* _THE TASK_:
An exact copy, beginning at the line containing "纯铜仿古镜圆铜镜龙纹加托大镜子工艺品摆件软装饰品中式 商品缩略图3" and ending at the final line of the records that follow, is the answer; it has no pictures and no other text.

* _DATASET EXCERPTS_:
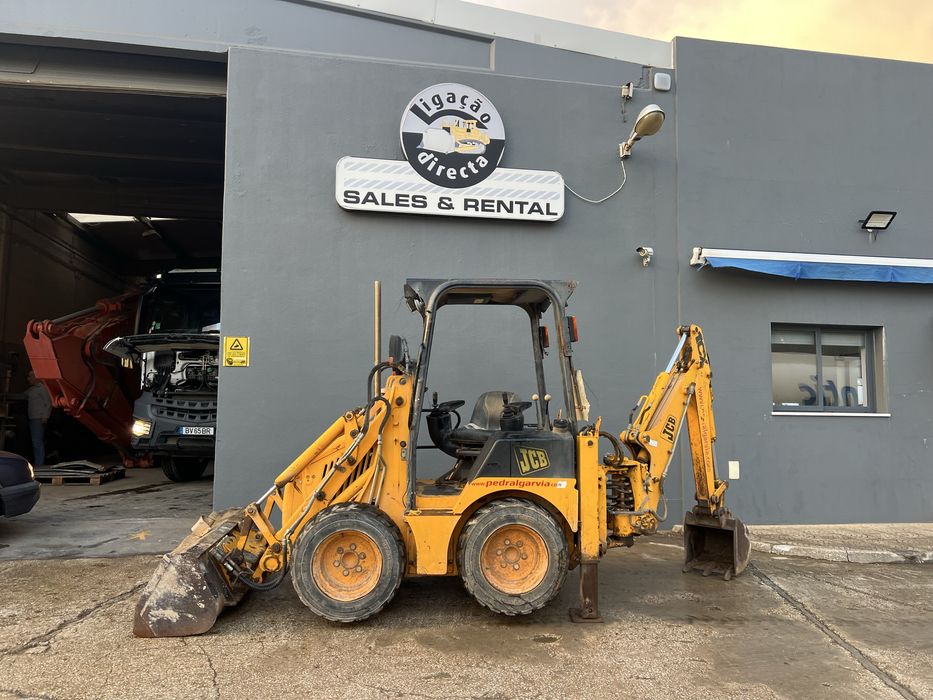 Jcb 1cx mini retro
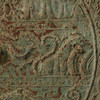 纯铜仿古镜圆铜镜龙纹加托大镜子工艺品摆件软装饰品中式 商品缩略图3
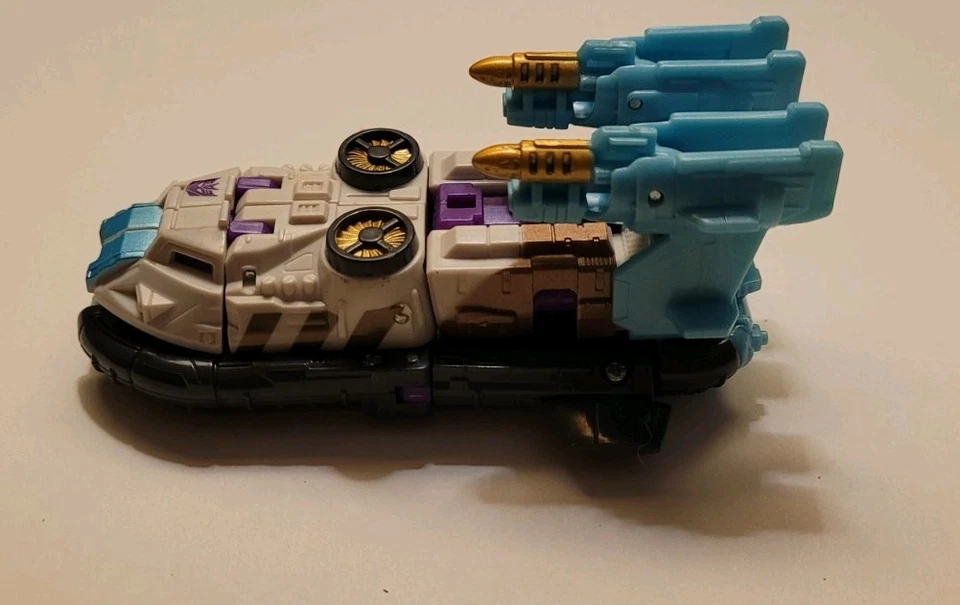 Transformers Cybertron Shortround Hovercraft Scout Class Decepticon 2006 Hasbro Foto 3 de 4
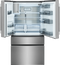 22 Cu. Ft. Counter-Depth 4-Door French Door Refrigerator
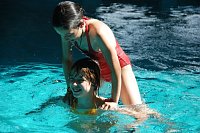 Kindertag im Badehaus Bild: Kindertag im Badehaus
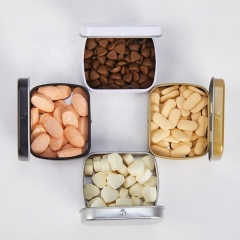 Mini Metal Hinged Box Container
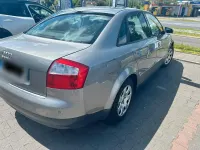 Gebraucht Audi A4 130 PS (95 kW) 2003 Grau Limousine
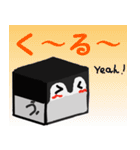 サイコロペンギン（個別スタンプ：15）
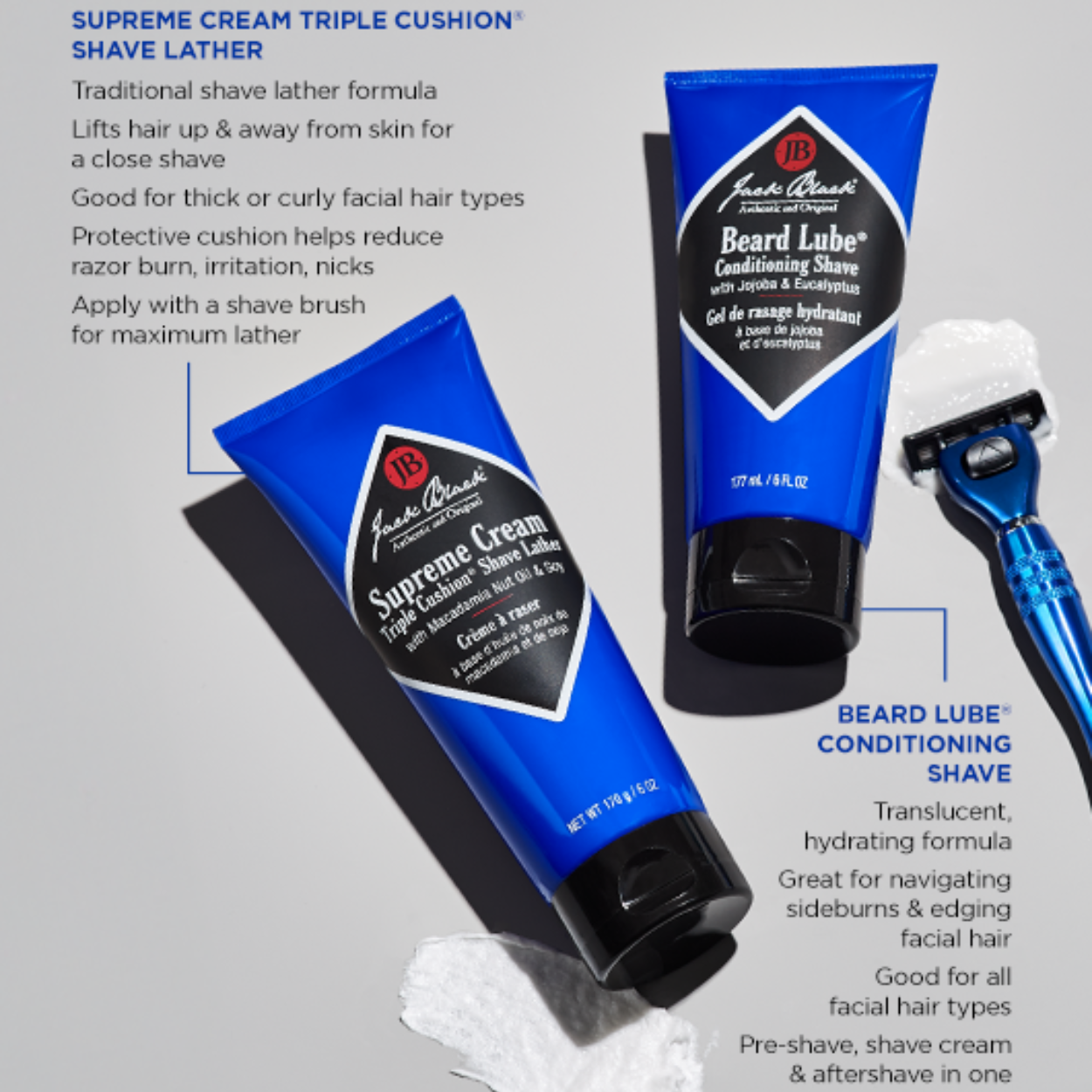 Beard Lube Conditioning Shave 8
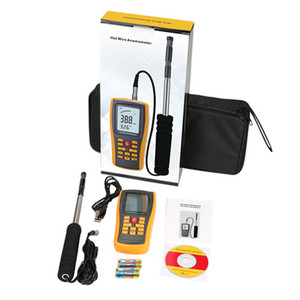 GM8903 0~30m/s Digital Anemometer <strong>Wind</strong> Speed/Air Flow/Temperature Meter With USB Interface <strong>Sensor</strong> - Product Image 1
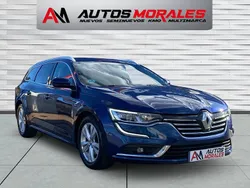 Azul Usado 2017 Renault Talisman Familiar | 14.950 € (Precio justo)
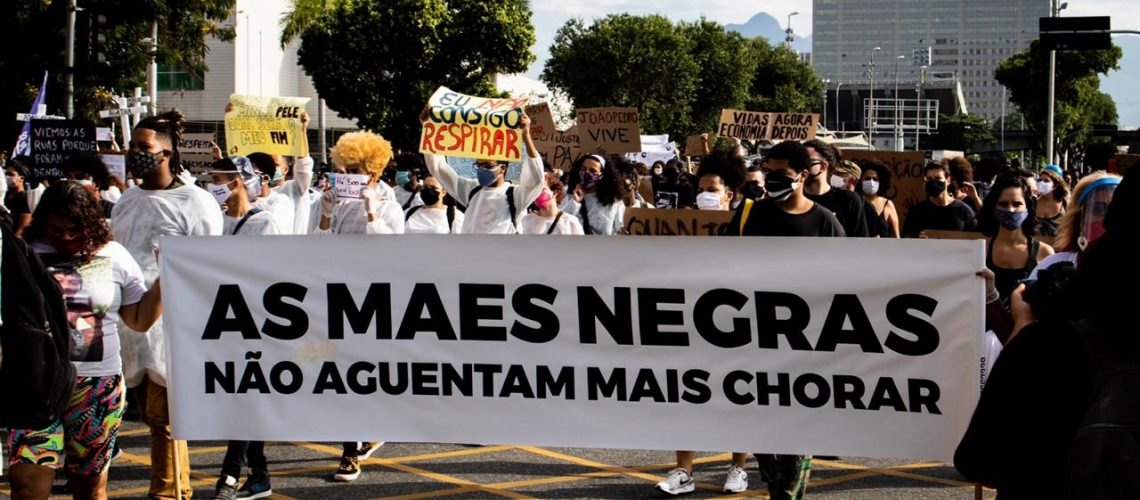 Ato II Vidas Negras Importam - Foto: Matheus Guimarães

* _TASK RESULT_:
 纯铜仿古镜圆铜镜龙纹加托大镜子工艺品摆件软装饰品中式 商品缩略图3
 Transformers Cybertron Shortround Hovercraft Scout Class Decepticon 2006 Hasbro Foto 3 de 4
 22 Cu. Ft. Counter-Depth 4-Door French Door Refrigerator
 Kindertag im Badehaus Bild: Kindertag im Badehaus
 Mini Metal Hinged Box Container
 Gebraucht Audi A4 130 PS (95 kW) 2003 Grau Limousine
 サイコロペンギン（個別スタンプ：15）
 Beard Lube Conditioning Shave 8
 GM8903 0~30m/s Digital Anemometer <strong>Wind</strong> Speed/Air Flow/Temperature Meter With USB Interface <strong>Sensor</strong> - Product Image 1
 Azul Usado 2017 Renault Talisman Familiar | 14.950 € (Precio justo)
 Ato II Vidas Negras Importam - Foto: Matheus Guimarães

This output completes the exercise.